- A softer risk tone benefits the safe haven JPY and puts some pressure on the USD / JPY.
- The optimistic US economic outlook supports the dollar and helps limit the decline.
The pair USD/JPY moves with a slight negative bias at the start of the European session on Monday, staying close to the region of 109.60.
The pair has seen some selling on the first day of a new trading week and has returned a part of the positive movement of the previous day to the highest level since June 2020. A pullback in US stock index futures has put pressure on the USD / JPY pair. Bearish traders have also been inspired by a softer tone around US Treasury yields, although the underlying bullish sentiment of the US dollar has helped limit any further losses.
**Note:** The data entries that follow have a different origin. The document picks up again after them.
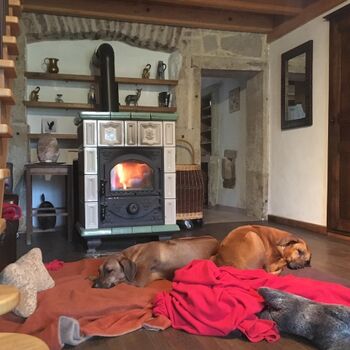 Entspannung auch für Vierbeiner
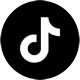 TikTok Icon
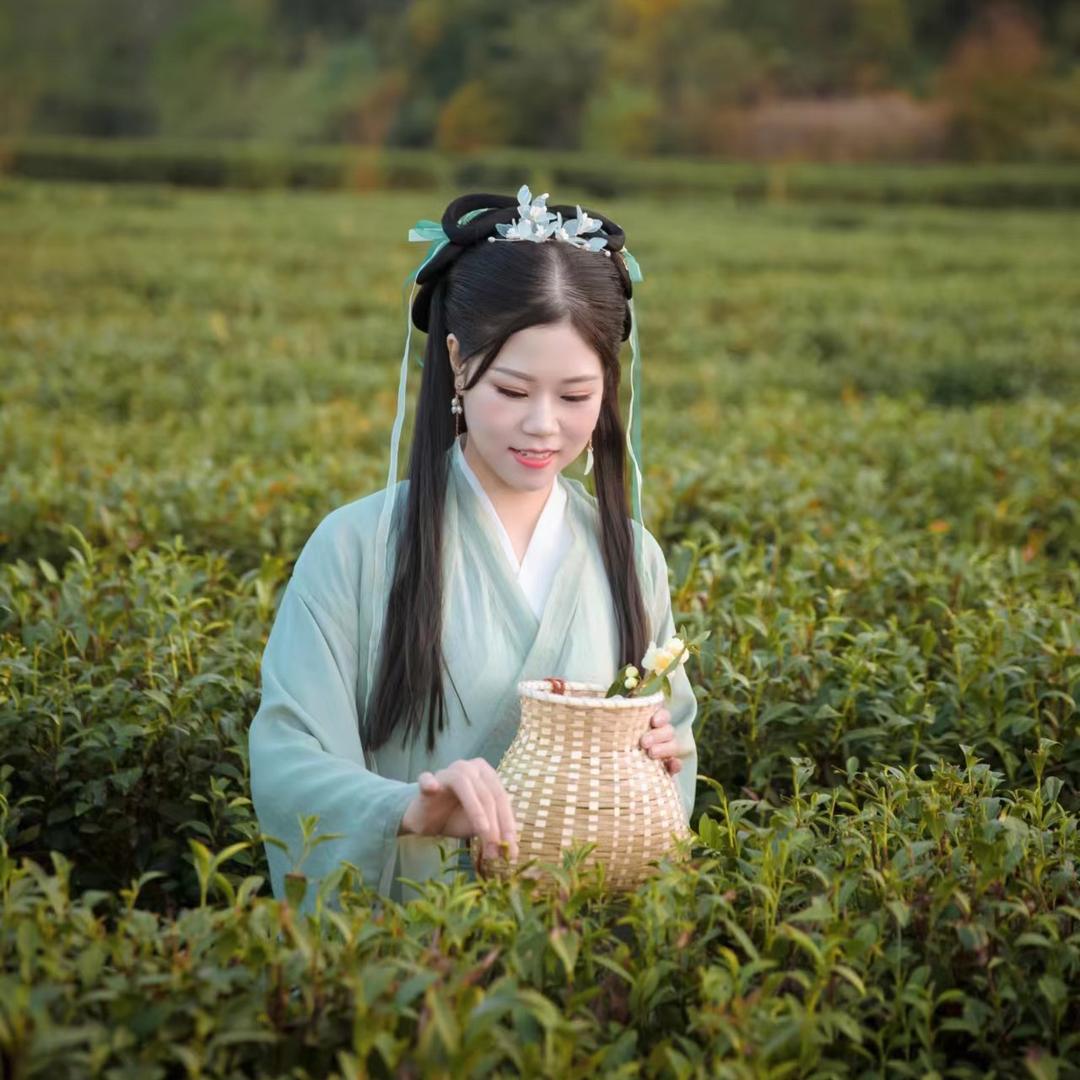 东霖春茶叶旗舰店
The dollar has been supported by the optimistic US economic outlook, bolstered by the impressive rate of vaccination against coronavirus and the passage of a massive stimulus package. Increasing optimism, on Thursday US President Joe Biden made an ambitious promise to administer 200 million vaccine injections in his first 100 days in office. Speculation about an additional $ 3 trillion infrastructure plan has further supported the prospects for a relatively faster US economic recovery.
Despite the support factor, the overbought conditions on the short-term charts have limited the strong gains of the USD / JPY pair, at least for now. Investors could also refrain from opening aggressive positions, preferring to wait on the sidelines before Friday’s release of the monthly NFP jobs report. Meanwhile, broader market risk sentiment and USD price dynamics could weigh on the pair amid the absence of relevant economic releases in the market.